Those of you who have been following this blog for any length of time – first of all, thanks, it can’t have been easy – and secondly, will know that most journeys I undergo seem to be a bit wierd.  Well, the journey from Xiamen to Guangzhou tops them all in terms of surprises.

Train journeys in Fuijian, the province in which Xiamen sits, are depressingly circuitous, and you board any train in the area knowing you are definitely in it for the long haul.  So the first surprise – a pleasant one, I’ll grant you – was the state of the train.  I got into the hard sleeper carriage, where I had booked a bed, and thought I was in the soft sleeper carriage, it was so plush.  OK, maybe I’ve just been on the backpacker circuit a bit too long, as I was impressed by a bit of carpet on the train floor, but after a few months of travelling round Asia by train, this was pretty top-notch and put me in a good mood immediately.  A nice guy helped me get my ever-weighty backpack up to the luggage compartment at the top, and we got chatting once the train moved on.

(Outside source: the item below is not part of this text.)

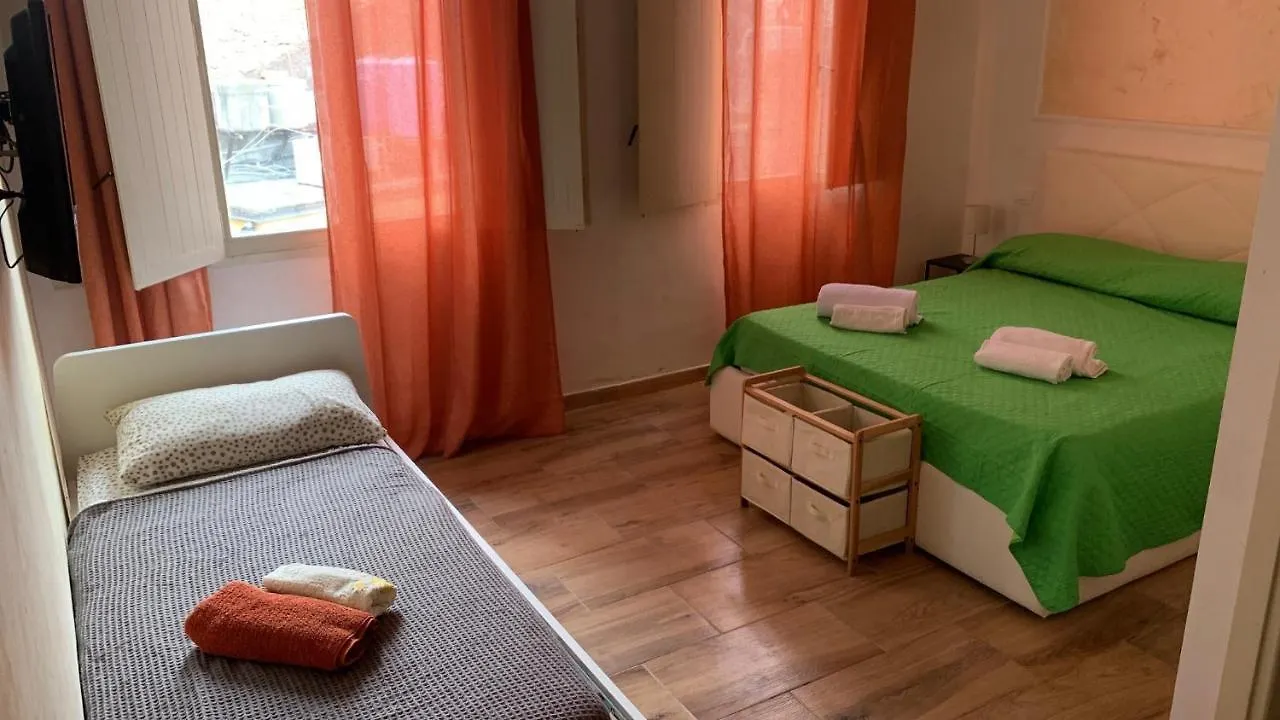 Hotel Arance Rosse Katania 0*,  Włochy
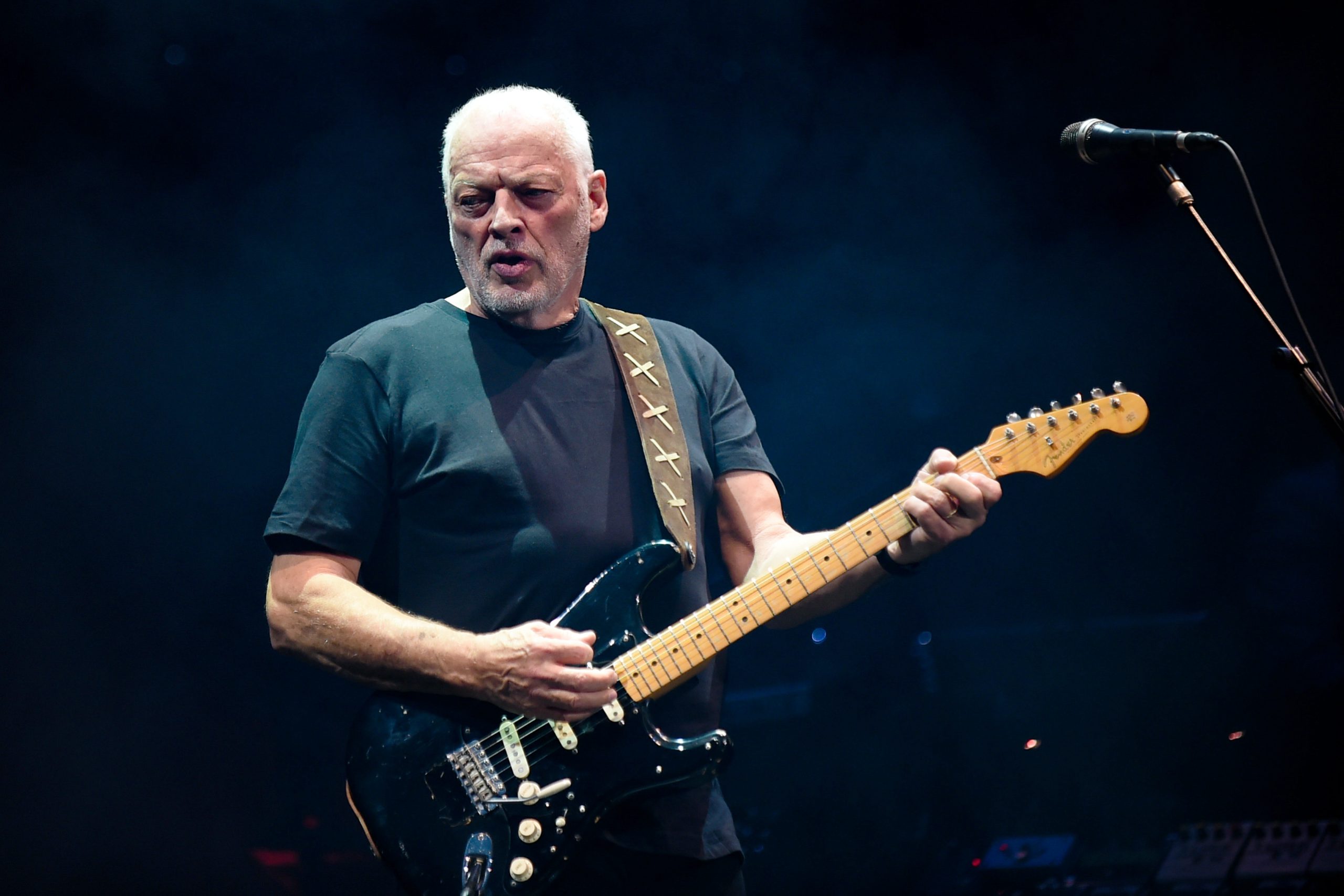 Ο θρυλικός «Pink Floyd» David Gilmour διαφημίζει την Ύδρα στο νέο του τραγούδι (βίντεο)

He spoke really good English, compared to a lot of Chinese people we met.  He is a (mature) student at Xiamen University, and was returning home to Shenzen for a short trip to see his wife and 6 month old son, and he was telling me of his ambition to become a univeristy lecturer when he’d finished his studies.  He had to read a lot of reports in English, which I think is why his language skills were so impressive.  We were talking about all sorts, politics, schools, football (we talked at length about the World Cup, I think I bored him on this one but he was too polite to say), and finally, places in China I’ve been to.  When I mentioned Shanghai, he said he liked it and he used to live there.  However, the next thing he said nearly made me fall out of my bunk.  He asked me,

“Do you know the English company Pilkington?”

(FYI to those of you who don’t know my history, I used to work for them – of which I will say no more, except for the fact that I got voluntary redundancy from them, without which I would not be here). (In a nutshell).

I confirmed that he did, wondering if he was a spy, a mindreader, or both.  The next thing was even more surprising:

“I used to work for them in Shanghai”.

Now imagine – I’m on a slow train in the middle of a lesser-visited Chinese province, speaking to a random guy on a train, and it turns out not only did we work for the same company (our time overlapped a bit), but some of the same names were familiar to both of us.   I was well and truly freaked. The ultimate ‘small world’ experience?

The next surprise came in the form of a seranade. As we chatted, we heard a loud and tuneful voice singing ‘My Heart Will Go On’, absolutely word-perfect. Fortunately, Celine Dion hadn’t joined the train (fortunately for her, that is – I don’t know if I could restrain myself), but we were in fact listening to the precocious warblings of Logan, aged 3. He was so cute, in that ‘I’m glad I’m only with this child for a few hours max as he’s a bit too full-on’ sort of way, but he was very entertaining. (And, Elephant Apple, rest happily – I got his photo, as per your request).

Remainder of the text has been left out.